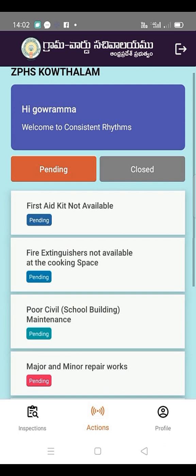The first issue is: First Aid Kit Not Available. You can select the photo in the gallery, or you can click the camera and upload the photo to the Resolve. That's why we have this problem. You can select the two options.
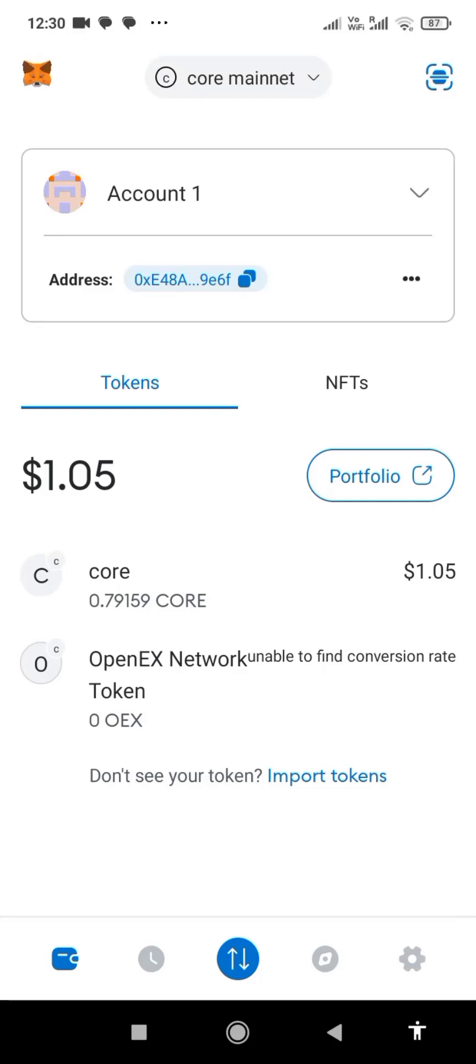Hi friends, welcome to my channel. In today's video, I will guide you on how to add Core Mainnet on MetaMask account.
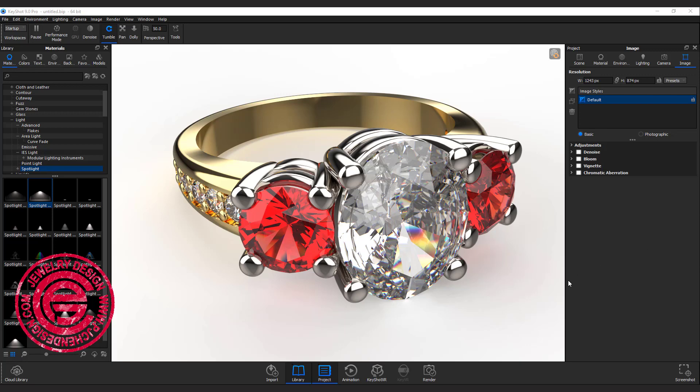Welcome back to PJ Chen Design. In this mini-series step-by-step Keyshot basic jewelry rendering, we are going to talk about the final step, how to export the image, and maybe a little trick to make it fancier. Are you ready? Let's get started.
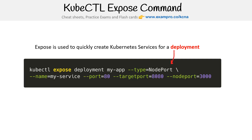We do it quite a few times where we'll type kubectl expose, then the deployment, then the app. Sometimes the documentation will show it like this: deployment/my-app. That's just an alternative syntax you can use. You can use spaces, you could say deploy and then the app — it probably works with replica sets as well, but you should always be using deploys anyway. The idea is that it allows you to quickly create a service and attach it so that it points to the pods of a particular deployment.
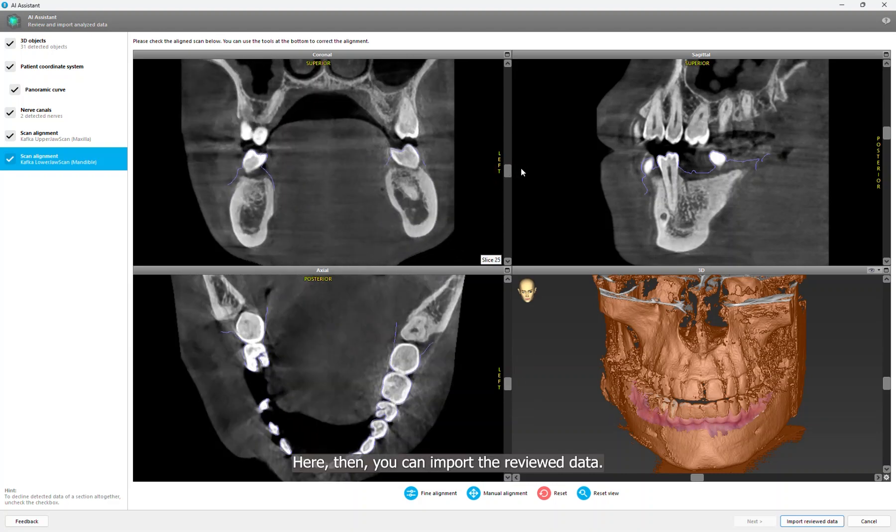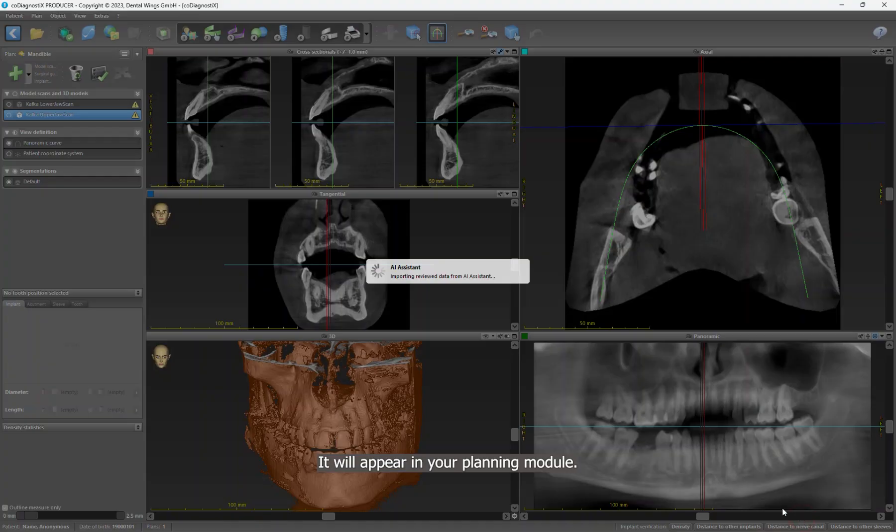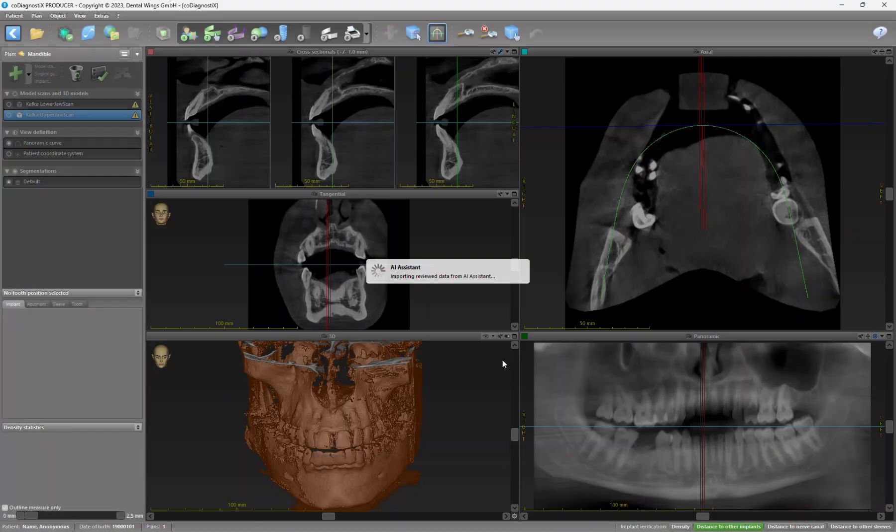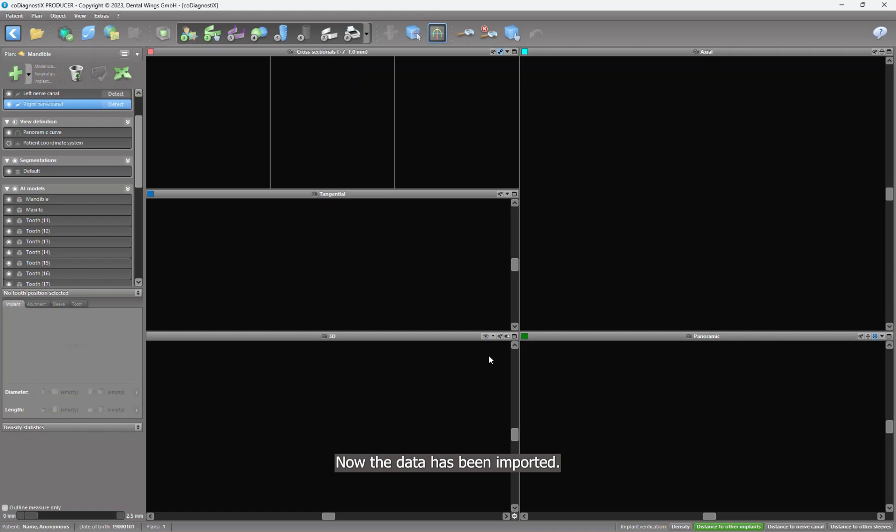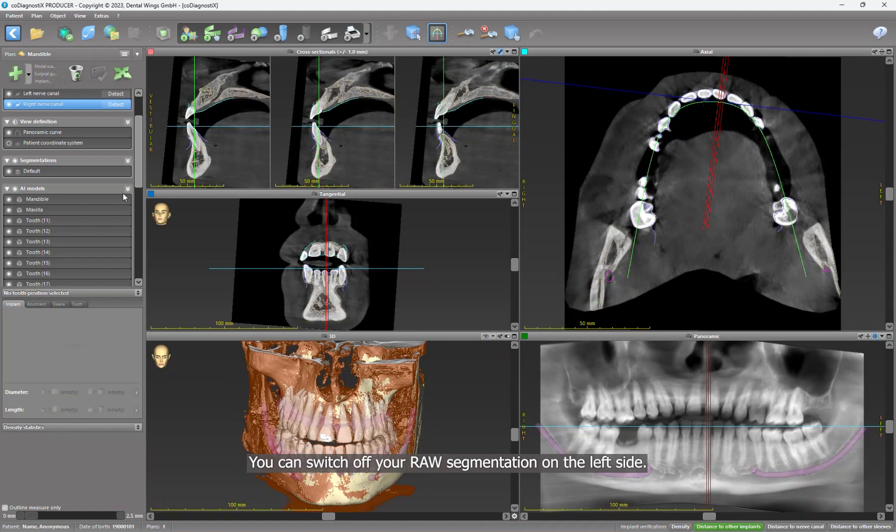Here, then you can import the reviewed data. It will appear in your planning module. Now the data has been imported. You can switch off your raw segmentation on the left side.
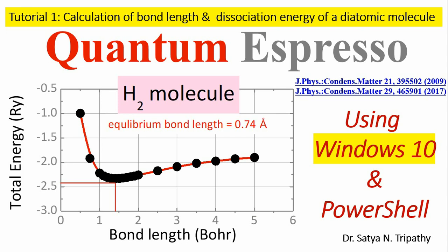Hello friends, I am Dr. Satya Tripathi. In this video, I will show you how to calculate bond length and dissociation energy of diatomic molecule using Quantum Espresso package in Windows 10 operating system.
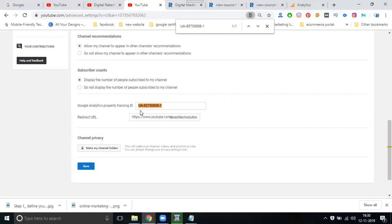This ID will show you the traffic here — live traffic and existing traffic. That is how we can track the report using the Google Analytics code. The same ID that we use for our website, we can use for our YouTube channel as well.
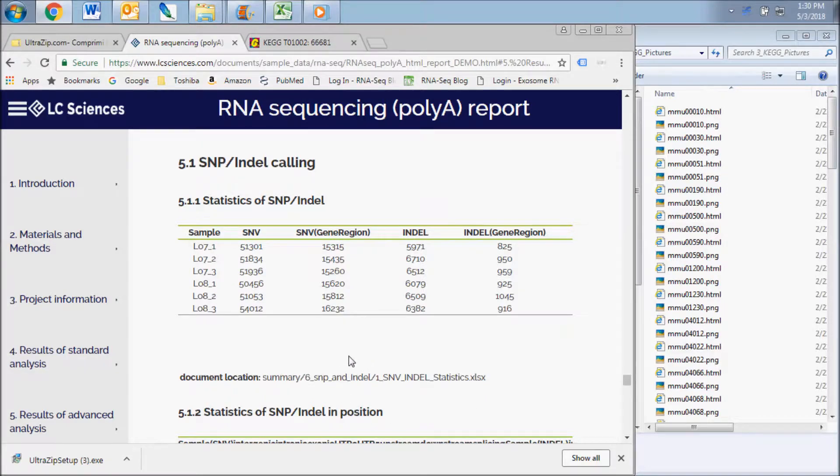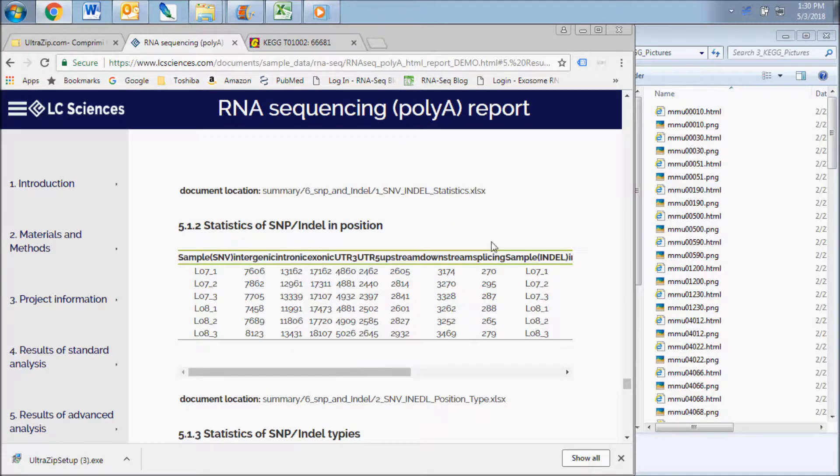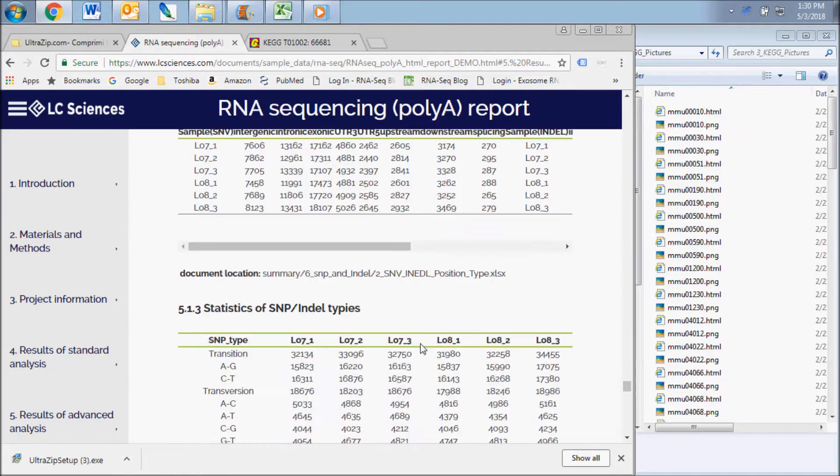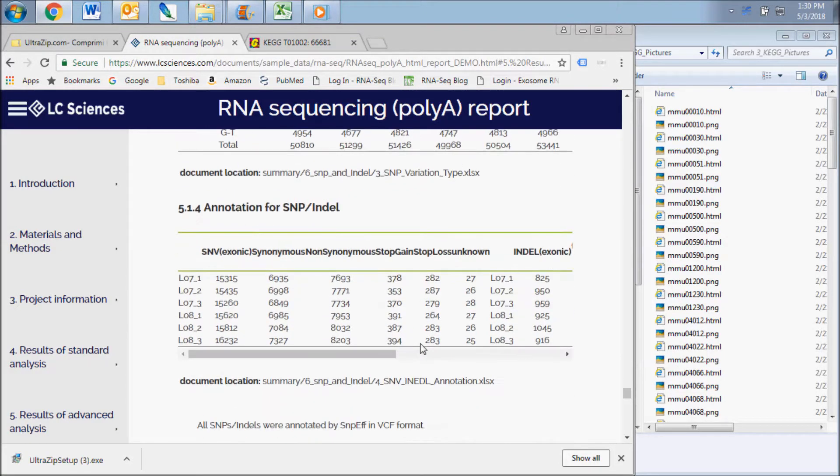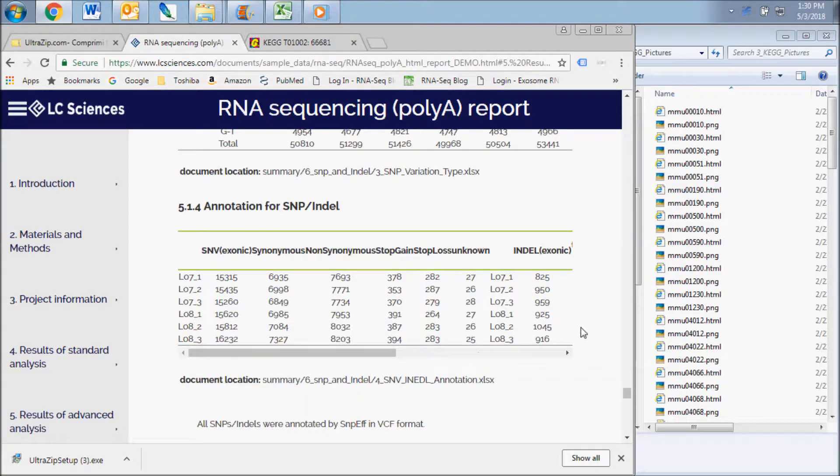This includes the statistical data for the numbers, positions, types, and annotations of the SNPs and indels sequenced in your samples.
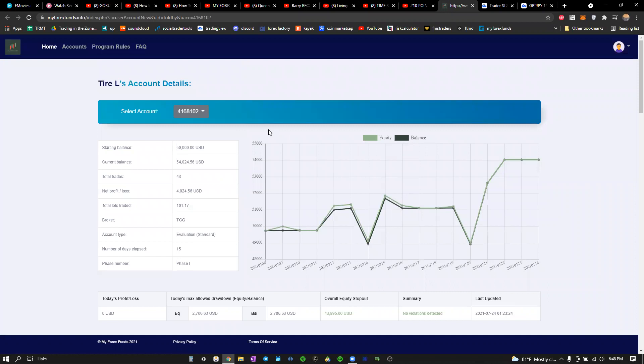What is going on guys, it is Movie Effects with its first kind of official video. I just wanted to show you guys this account that I just passed in Phase One of the MyForexFunds challenge.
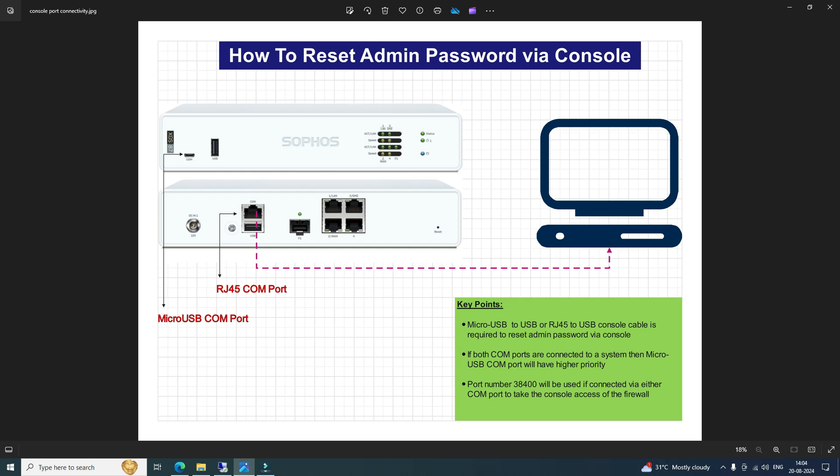Generally we have two COM ports available on the firewall — the first is micro USB COM port and the second is RJ45 COM port. You also need a console cable to connect the firewall to a directly connected machine using these COM ports to reset the admin password. This is the only way to reset it via the console port; we cannot reset it using GUI or CLI.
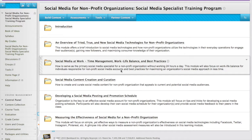Hi everyone, this is Dr. Edwards, and I am so excited that you are joining us for Social Media for Nonprofit Organizations. This is part of the Texas Social Media Research Institute's Social Media Specialist Training Program. Upon completion of this course, you will have a Social Media Training Program certificate.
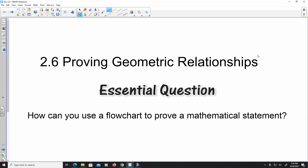Hello. Welcome to the video. In this section, we're looking at 2.6, where we are proving geometric relationships. The essential question asked is: can you use a flowchart to prove a mathematical statement? The answer is yes. There are basically three different ways that you can define a proof.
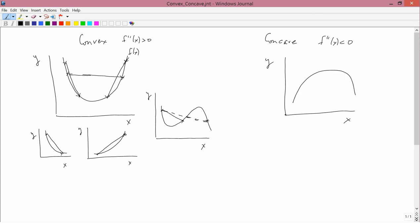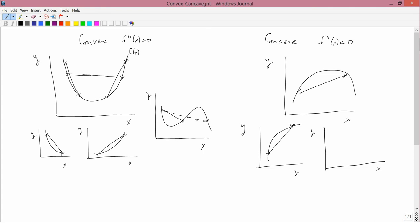Here's a concave function — a straight line lies below the function. Here's another concave function; this one has a positive slope, and a straight line drawn between any two pairs of points lies below the function. Here's another concave function where a straight line drawn between any two pairs of points lies below the function. So: concave means a straight line drawn between any two pairs of points lies below the function, and convex means it lies above the function.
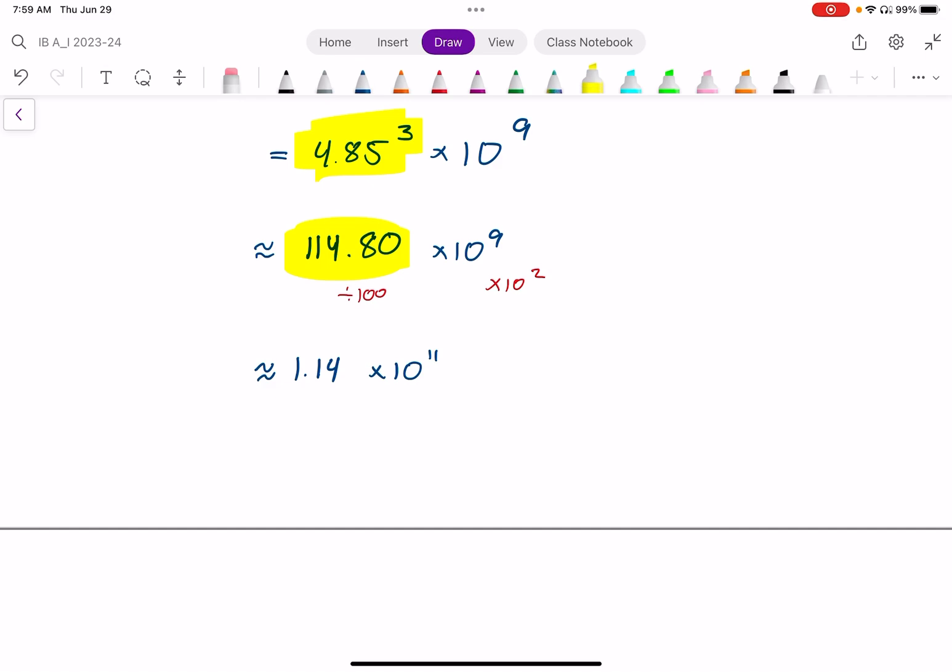Later in the course, when we learn about significant figures, there are general IB rules about how many digits to round to or how many significant figures to show. I'll talk about that later. For now, just realize this is an approximation.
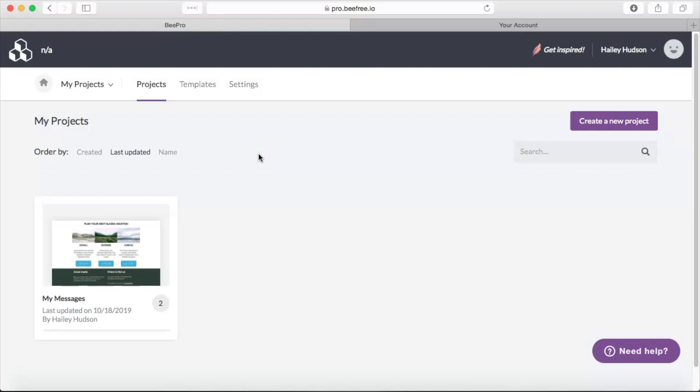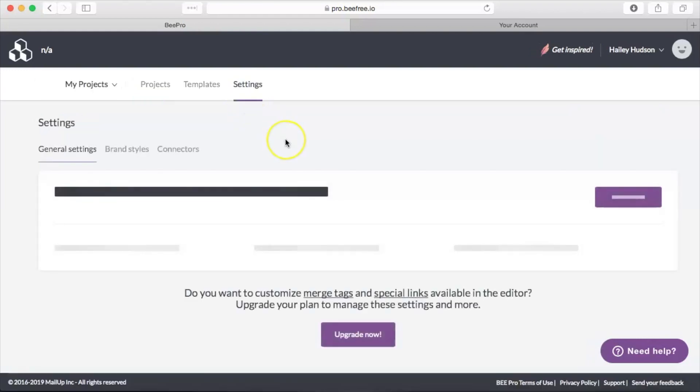Hi there and welcome back to another Bead video tutorial. Today we're going to be talking about how you can create custom Campaign Monitor templates with Bead Pro. So the first step here is to go ahead and connect our Campaign Monitor and Bead Pro accounts. To do that, we're going to go into the Bead Pro dashboard and navigate to Settings.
+ + + +
:: TASK ::
Only the text of the entries above is to be given again, exactly, with the pictures left out.

:: ANSWER TO THIS EXERCISE ::
The first issue is: First Aid Kit Not Available. You can select the photo in the gallery, or you can click the camera and upload the photo to the Resolve. That's why we have this problem. You can select the two options.
Hi friends, welcome to my channel. In today's video, I will guide you on how to add Core Mainnet on MetaMask account.
Welcome back to PJ Chen Design. In this mini-series step-by-step Keyshot basic jewelry rendering, we are going to talk about the final step, how to export the image, and maybe a little trick to make it fancier. Are you ready? Let's get started.
We do it quite a few times where we'll type kubectl expose, then the deployment, then the app. Sometimes the documentation will show it like this: deployment/my-app. That's just an alternative syntax you can use. You can use spaces, you could say deploy and then the app — it probably works with replica sets as well, but you should always be using deploys anyway. The idea is that it allows you to quickly create a service and attach it so that it points to the pods of a particular deployment.
Here, then you can import the reviewed data. It will appear in your planning module. Now the data has been imported. You can switch off your raw segmentation on the left side.
Hello friends, I am Dr. Satya Tripathi. In this video, I will show you how to calculate bond length and dissociation energy of diatomic molecule using Quantum Espresso package in Windows 10 operating system.
This ID will show you the traffic here — live traffic and existing traffic. That is how we can track the report using the Google Analytics code. The same ID that we use for our website, we can use for our YouTube channel as well.
This includes the statistical data for the numbers, positions, types, and annotations of the SNPs and indels sequenced in your samples.
What is going on guys, it is Movie Effects with its first kind of official video. I just wanted to show you guys this account that I just passed in Phase One of the MyForexFunds challenge.
Generally we have two COM ports available on the firewall — the first is micro USB COM port and the second is RJ45 COM port. You also need a console cable to connect the firewall to a directly connected machine using these COM ports to reset the admin password. This is the only way to reset it via the console port; we cannot reset it using GUI or CLI.
Hi everyone, this is Dr. Edwards, and I am so excited that you are joining us for Social Media for Nonprofit Organizations. This is part of the Texas Social Media Research Institute's Social Media Specialist Training Program. Upon completion of this course, you will have a Social Media Training Program certificate.
Hello. Welcome to the video. In this section, we're looking at 2.6, where we are proving geometric relationships. The essential question asked is: can you use a flowchart to prove a mathematical statement? The answer is yes. There are basically three different ways that you can define a proof.
Here's a concave function — a straight line lies below the function. Here's another concave function; this one has a positive slope, and a straight line drawn between any two pairs of points lies below the function. Here's another concave function where a straight line drawn between any two pairs of points lies below the function. So: concave means a straight line drawn between any two pairs of points lies below the function, and convex means it lies above the function.
Later in the course, when we learn about significant figures, there are general IB rules about how many digits to round to or how many significant figures to show. I'll talk about that later. For now, just realize this is an approximation.
Hi there and welcome back to another Bead video tutorial. Today we're going to be talking about how you can create custom Campaign Monitor templates with Bead Pro. So the first step here is to go ahead and connect our Campaign Monitor and Bead Pro accounts. To do that, we're going to go into the Bead Pro dashboard and navigate to Settings.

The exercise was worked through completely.